[Records from a collection]
--*--

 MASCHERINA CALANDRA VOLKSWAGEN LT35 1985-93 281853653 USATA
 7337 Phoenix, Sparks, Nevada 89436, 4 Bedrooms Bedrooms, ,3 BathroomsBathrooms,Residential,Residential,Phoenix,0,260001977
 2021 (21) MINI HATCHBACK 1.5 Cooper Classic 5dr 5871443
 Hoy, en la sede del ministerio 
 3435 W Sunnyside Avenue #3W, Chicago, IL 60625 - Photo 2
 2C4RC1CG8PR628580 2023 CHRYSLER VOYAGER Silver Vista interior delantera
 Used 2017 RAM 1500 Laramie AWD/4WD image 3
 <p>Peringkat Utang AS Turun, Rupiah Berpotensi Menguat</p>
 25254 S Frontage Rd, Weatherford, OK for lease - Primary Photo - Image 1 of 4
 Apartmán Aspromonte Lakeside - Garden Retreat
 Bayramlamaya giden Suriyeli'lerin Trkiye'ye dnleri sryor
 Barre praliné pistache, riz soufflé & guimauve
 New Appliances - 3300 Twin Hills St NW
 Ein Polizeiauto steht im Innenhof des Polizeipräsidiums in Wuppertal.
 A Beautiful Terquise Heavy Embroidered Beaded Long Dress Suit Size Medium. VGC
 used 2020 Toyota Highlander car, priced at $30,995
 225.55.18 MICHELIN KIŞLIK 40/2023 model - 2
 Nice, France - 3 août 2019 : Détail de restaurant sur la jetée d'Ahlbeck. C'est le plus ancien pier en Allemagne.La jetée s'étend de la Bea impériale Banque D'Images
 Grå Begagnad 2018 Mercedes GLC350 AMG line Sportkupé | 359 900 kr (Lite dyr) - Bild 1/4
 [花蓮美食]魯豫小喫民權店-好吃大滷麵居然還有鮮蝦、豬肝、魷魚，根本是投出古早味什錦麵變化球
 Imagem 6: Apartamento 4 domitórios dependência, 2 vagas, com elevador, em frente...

--*--

Directions. A reply should hold exactly the lines from the one containing "Nice, France - 3" through the end of the data above, nothing more.

Task solution.
 Nice, France - 3 août 2019 : Détail de restaurant sur la jetée d'Ahlbeck. C'est le plus ancien pier en Allemagne.La jetée s'étend de la Bea impériale Banque D'Images
 Grå Begagnad 2018 Mercedes GLC350 AMG line Sportkupé | 359 900 kr (Lite dyr) - Bild 1/4
 [花蓮美食]魯豫小喫民權店-好吃大滷麵居然還有鮮蝦、豬肝、魷魚，根本是投出古早味什錦麵變化球
 Imagem 6: Apartamento 4 domitórios dependência, 2 vagas, com elevador, em frente...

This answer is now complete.